*** Begin section ***
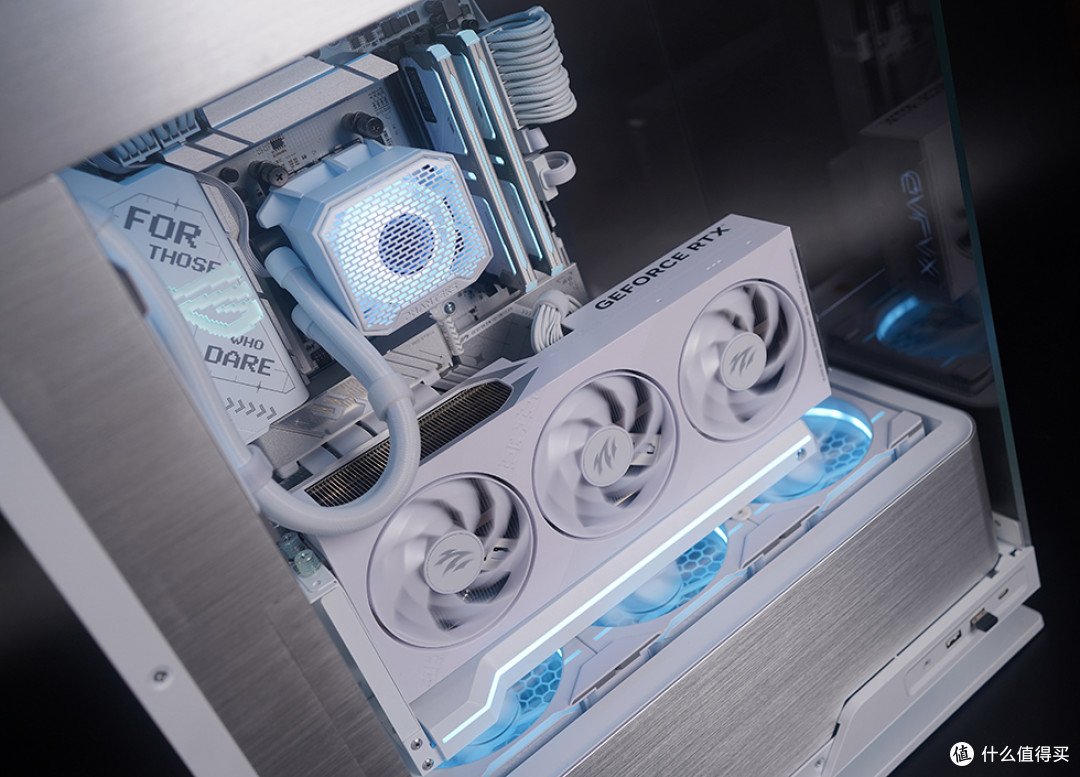 618 装机方案:X870+RTX5070TI+R9 9900X+追风者EVOLV X2装机分享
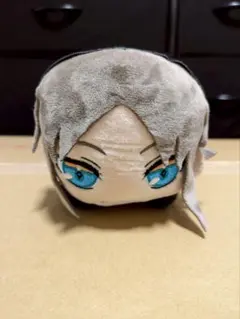 NIJISANJI EN Luxiem寝そべりミニぬいぐるみ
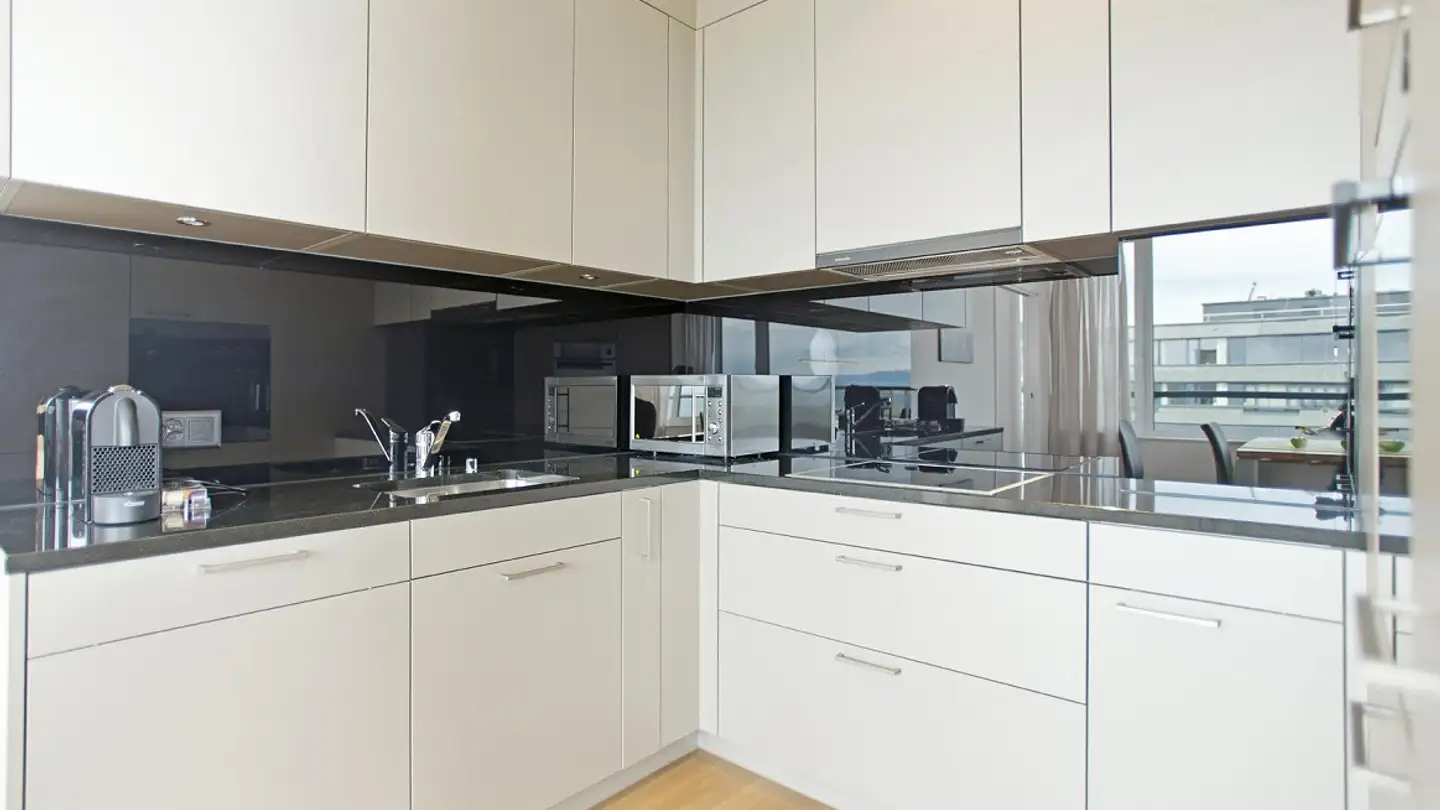 Furnished apartment for rent - Im Stadtwald 5, 9400 Rorschach - Photo 3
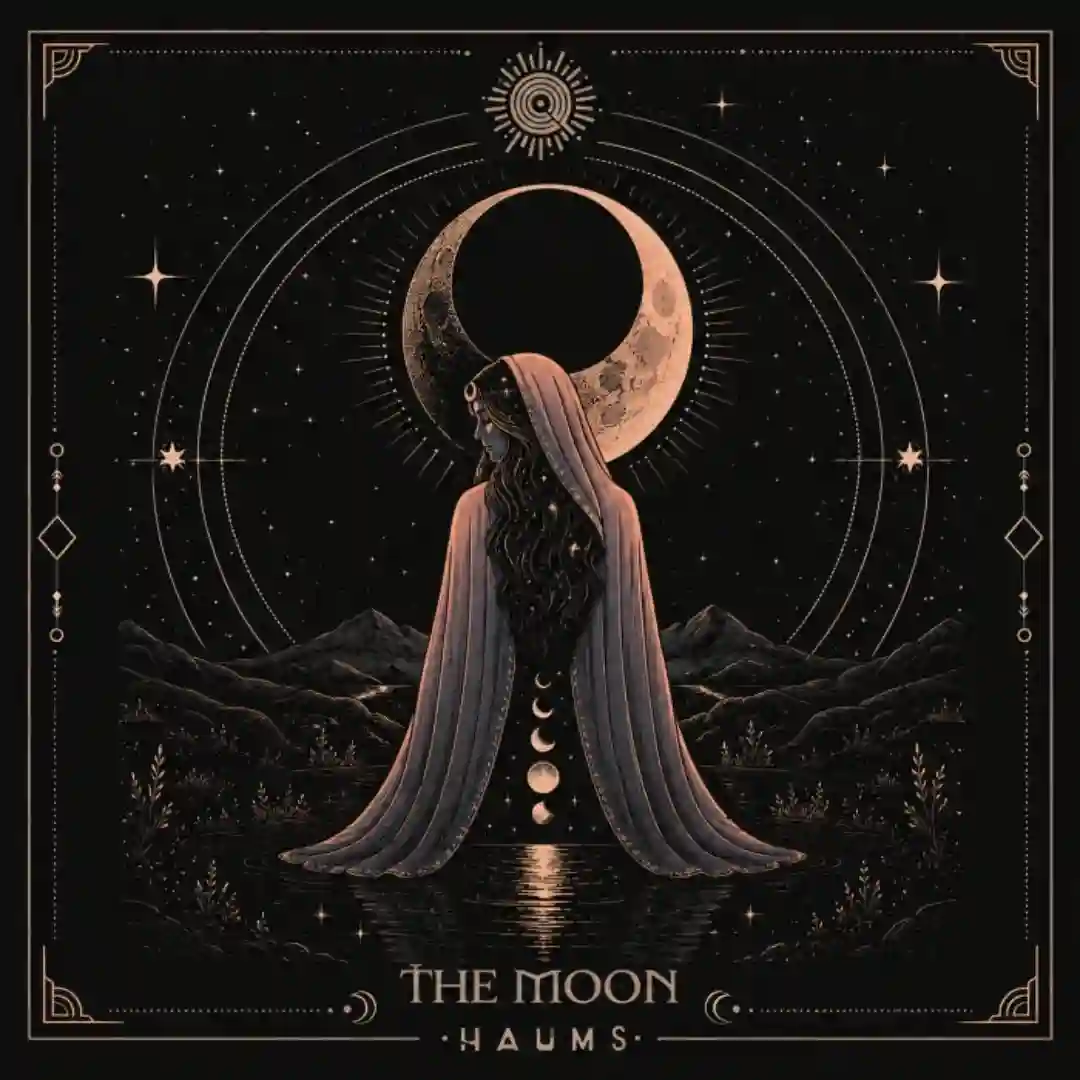 The Moon cover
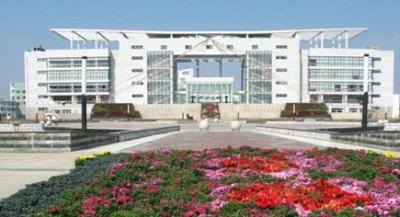 蘇州信息職業技術學院教學樓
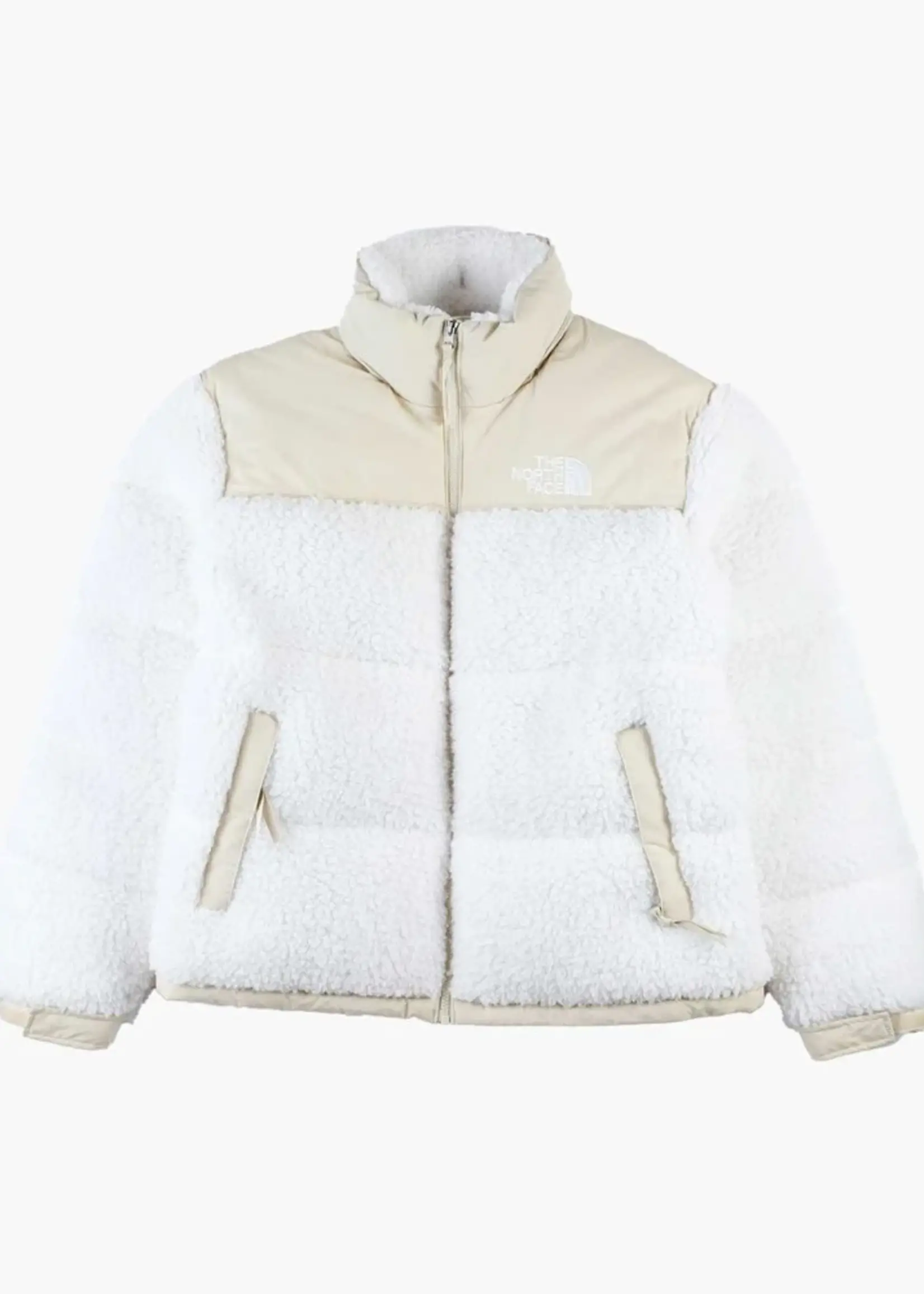 TNF HP NUPTSE SHERPA JACKET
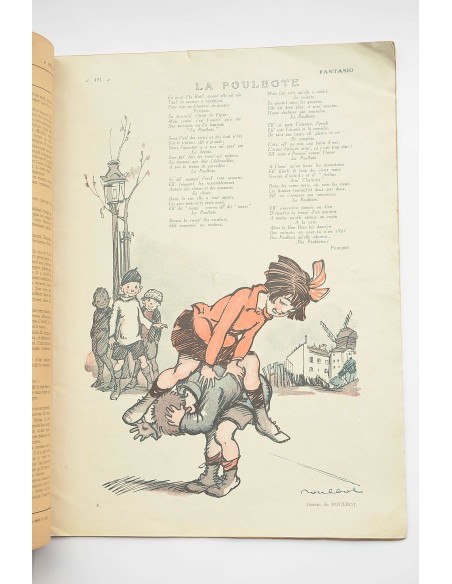 Fantasio : magazine gai - Nº 411,15 mars, 1924 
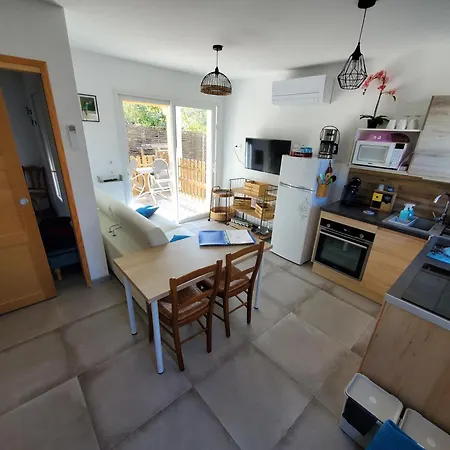 La Casa Elisa T2 Indépendant Сasa de vacaciones *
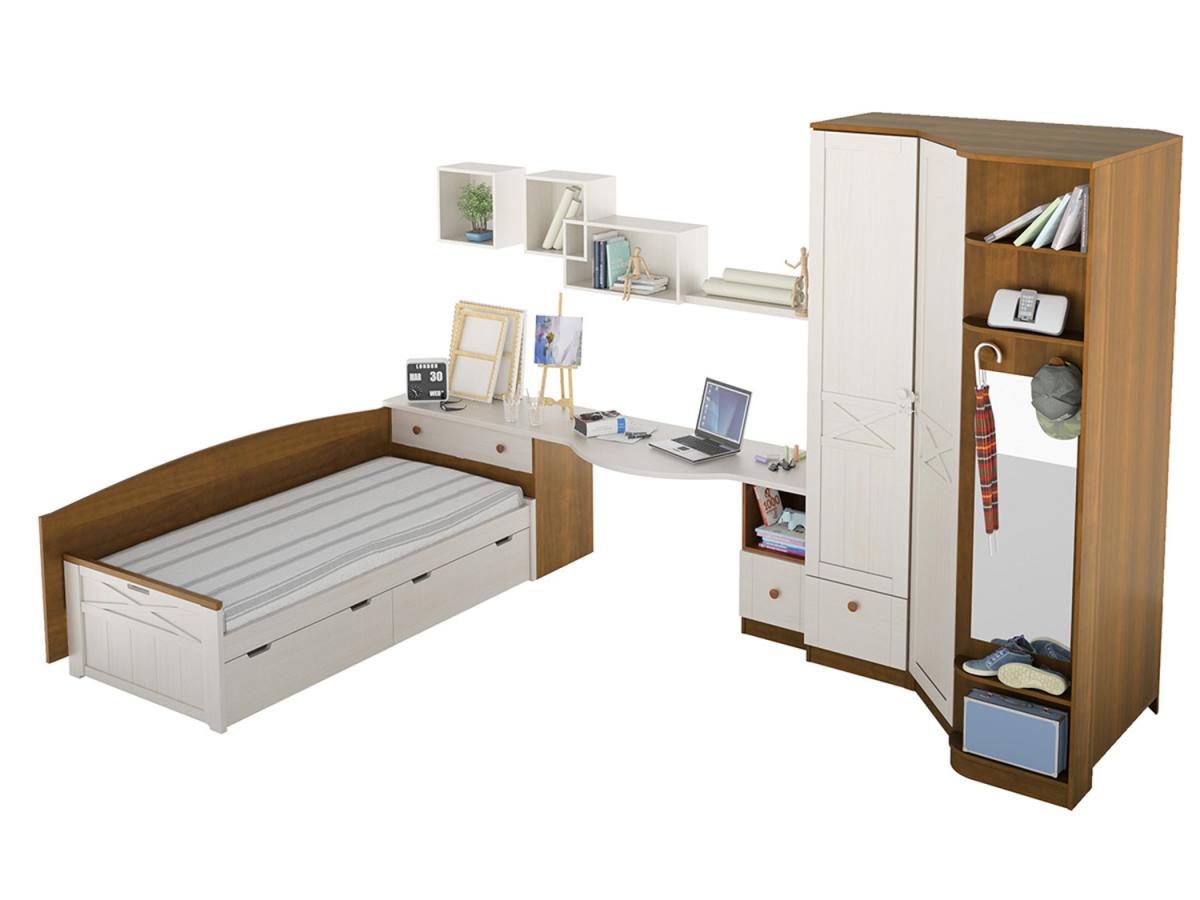 090405 Мебельная композиция 41A Grupo Seys Santreyd 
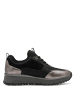 Jana Slipper Slipper in schwarz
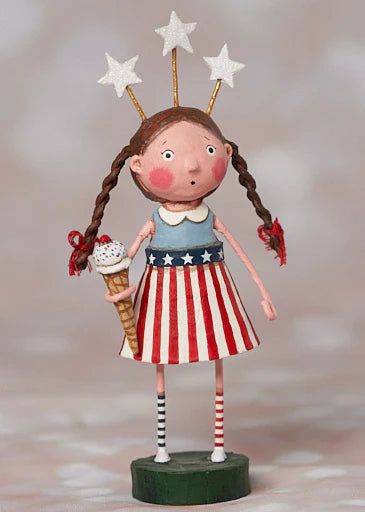 Lori Mitchell Stars, Stripes & Sprinkles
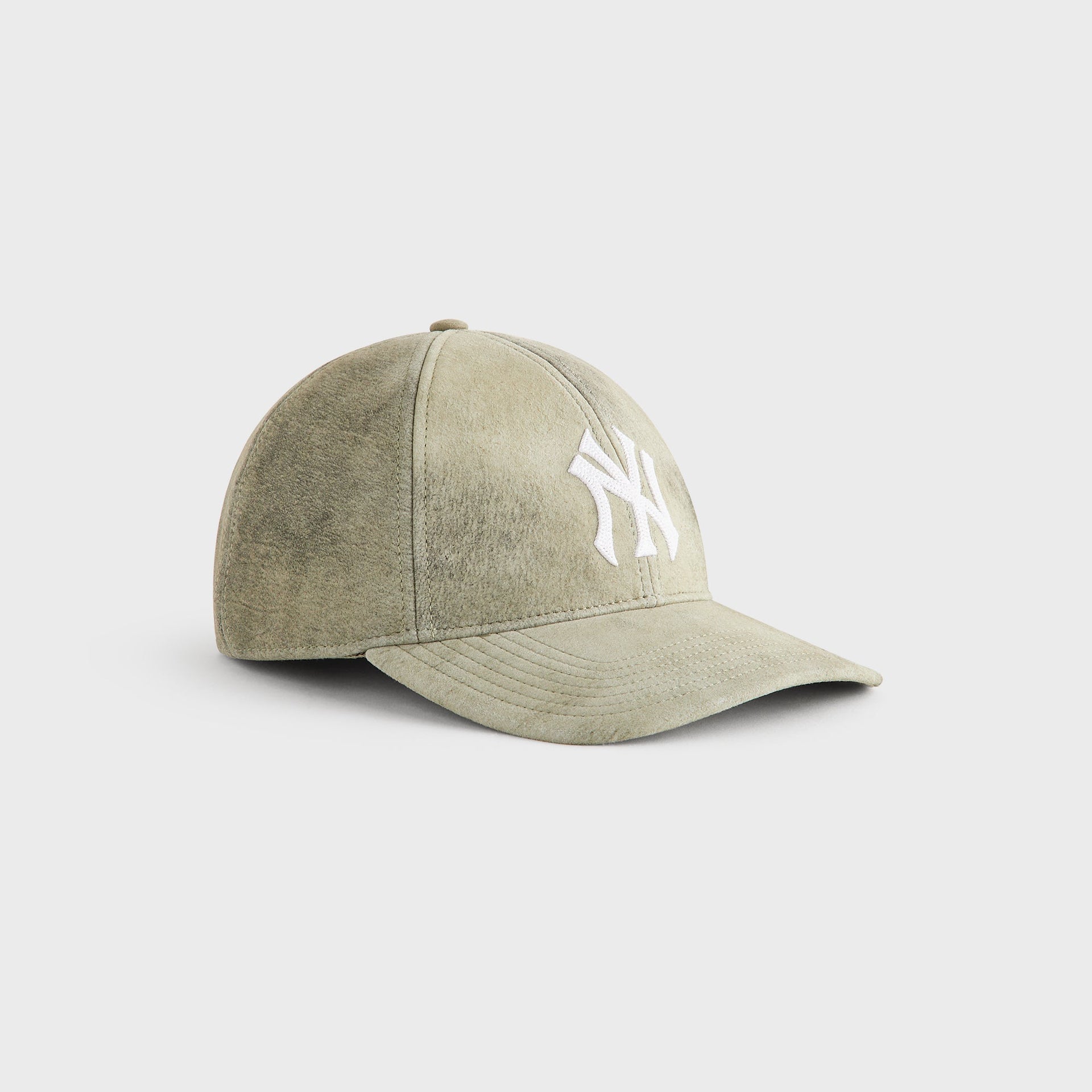 Kith & '47 for the New York Yankees Washed Suede Franchise LS Cap - Flagstaff - PH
*** End section ***
▶ What the task requires
Word for word, repeat the lines above from the one with "蘇州信息職業技術學院教學樓" through the one with "Jana Slipper Slipper in schwarz", and nothing beyond them. Omit the pictures.

▶ Solved problem
 蘇州信息職業技術學院教學樓
 TNF HP NUPTSE SHERPA JACKET
 Fantasio : magazine gai - Nº 411,15 mars, 1924 
 La Casa Elisa T2 Indépendant Сasa de vacaciones *
 090405 Мебельная композиция 41A Grupo Seys Santreyd 
 Jana Slipper Slipper in schwarz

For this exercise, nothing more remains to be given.